The Delights of Luxembourg’s Gastronomy
Enjoy a culinary tour of Luxembourg’s local and international cuisine, and experience an exciting blend of tastes!
Star-studded culinary scene
Luxembourg offers an abundance of restaurants, serving regional as well as international cuisine. You will find a high concentration of restaurants and bars around Luxembourg City, offering plenty of choices from which to choose.
Luxembourg has many acclaimed restaurants and in 2012 boasted the highest concentration of “Michelin Stars per Resident in Europe” – a total of 12 stars for 11 restaurants. The Michelin Red Guide is the oldest and best known European Hotel and Restaurant Reference Guide in the world.
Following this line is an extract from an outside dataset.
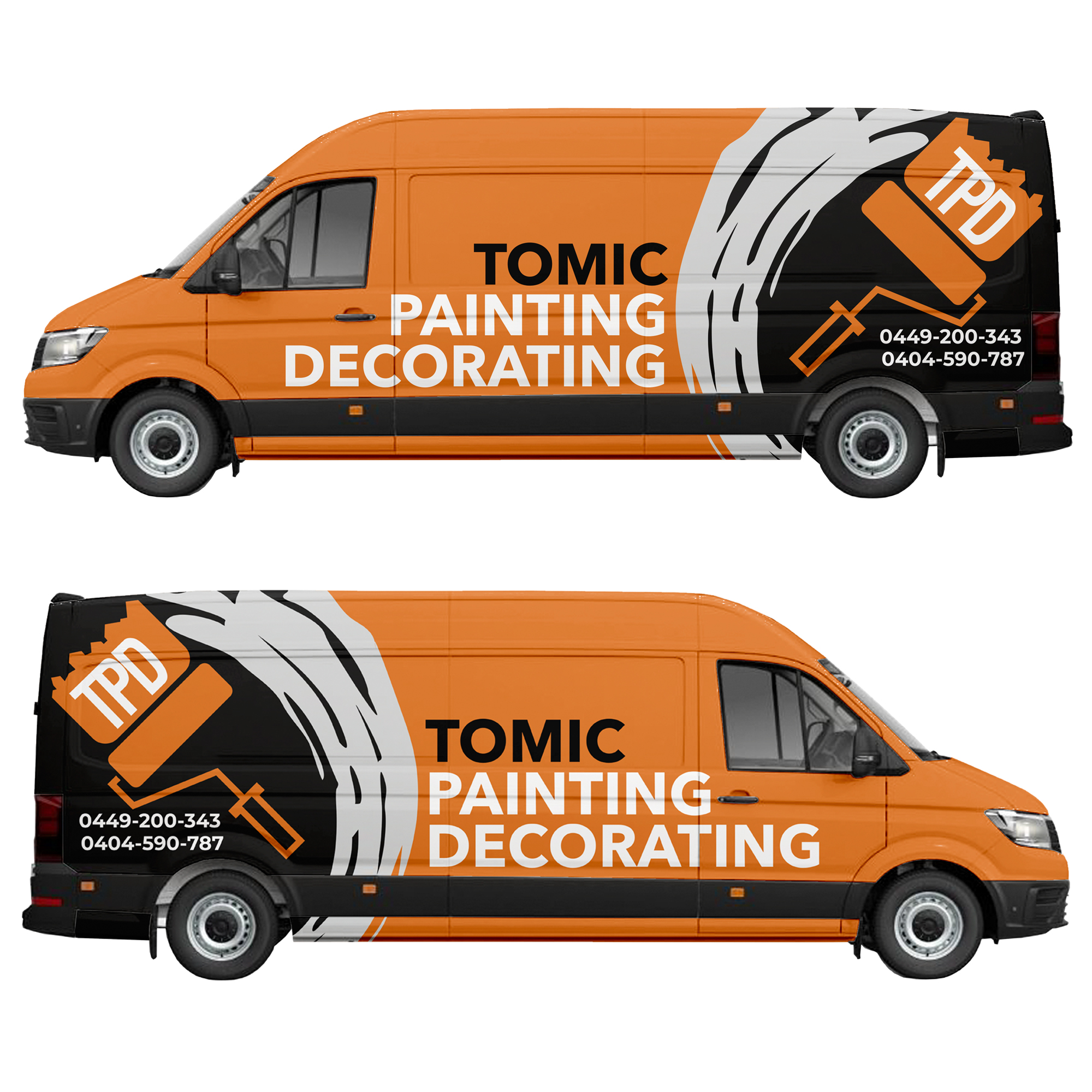 Car Wrap Design by MAKE ME THE WINNER for this project | Design #27274867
Only a select few restaurants are awarded the prestigious Michelin Stars for excellence. The 2012 Belgium and Luxembourg edition of the Gault & Millau Guide also credited 4 restaurants with 18/20 points. One special restaurant received 17/20 points and was also honoured with the highly sought-after ‘Chef of the Year’ award.
Traditional Luxembourg cuisine is a rather hearty cuisine that has been heavily influenced by central European cooking and by the neighbouring countries of Germany and France.
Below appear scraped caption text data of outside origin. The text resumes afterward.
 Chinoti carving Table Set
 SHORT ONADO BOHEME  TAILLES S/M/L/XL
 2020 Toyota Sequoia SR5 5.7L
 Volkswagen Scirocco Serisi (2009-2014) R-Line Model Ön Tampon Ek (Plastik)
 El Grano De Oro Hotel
Many dishes that are known to travellers in other countries have taken on a Luxembourgish name and although they may be difficult to decipher for non-Luxembourgish speakers, the cuisine should not to be missed. The most well known Luxembourg meal is ‘Judd mat Gaardebounen’, which is a smoked neck of pork and a broad bean casserole with a thick creamy sauce. Traditional dishes include ‘Kachkéis’ (soft cheese, melted and served with bread), ‘Bouneschlupp’ (French bean soup), ‘Fierkelsrëppchen’ (grilled spareribs) and ‘Quetschentaart’ (plum tart). A trip to Luxembourg is not complete without a taste of ‘Gromperekichelcher’ (literally: potato biscuits, which are a type of fried shredded potato cake containing onions, shallots and parsley). Typically found at outdoor events such as markets or fairs, they are absolutely delicious and make a particularly nice snack. If you are looking for traditional food in the Moselle region consider the ‘friture de la Moselle,’ small fried fish.
Wonderful International Cuisine
In most restaurants, French cuisine is served. Italian food has been popular since the 1960s and Portuguese restaurants started emerging from the 1970s onwards. Nowadays almost every international cuisine is represented in Luxembourg, ranging from Asian, to various European, Middle Eastern and African specialty restaurants.
Land of wines and beers
The Moselle Valley white wines are highly regarded by both Luxembourgers and wine connoisseurs in neighbouring countries. Luxembourg producers offer a wide variety of wines such as Elbling, Rivaner, Pinot Gris, Pinot Blanc, Riesling and crémants, and a bubbly wine created using the Champagne method. These wines are mostly light white wines.
There are a number of breweries in the country. The most popular beers are Bofferding, Diekirch, Mousel and Simon.
Please note that the legal drinking age in Luxembourg is 16 and drivers must maintain a blood alcohol level below 0.05%.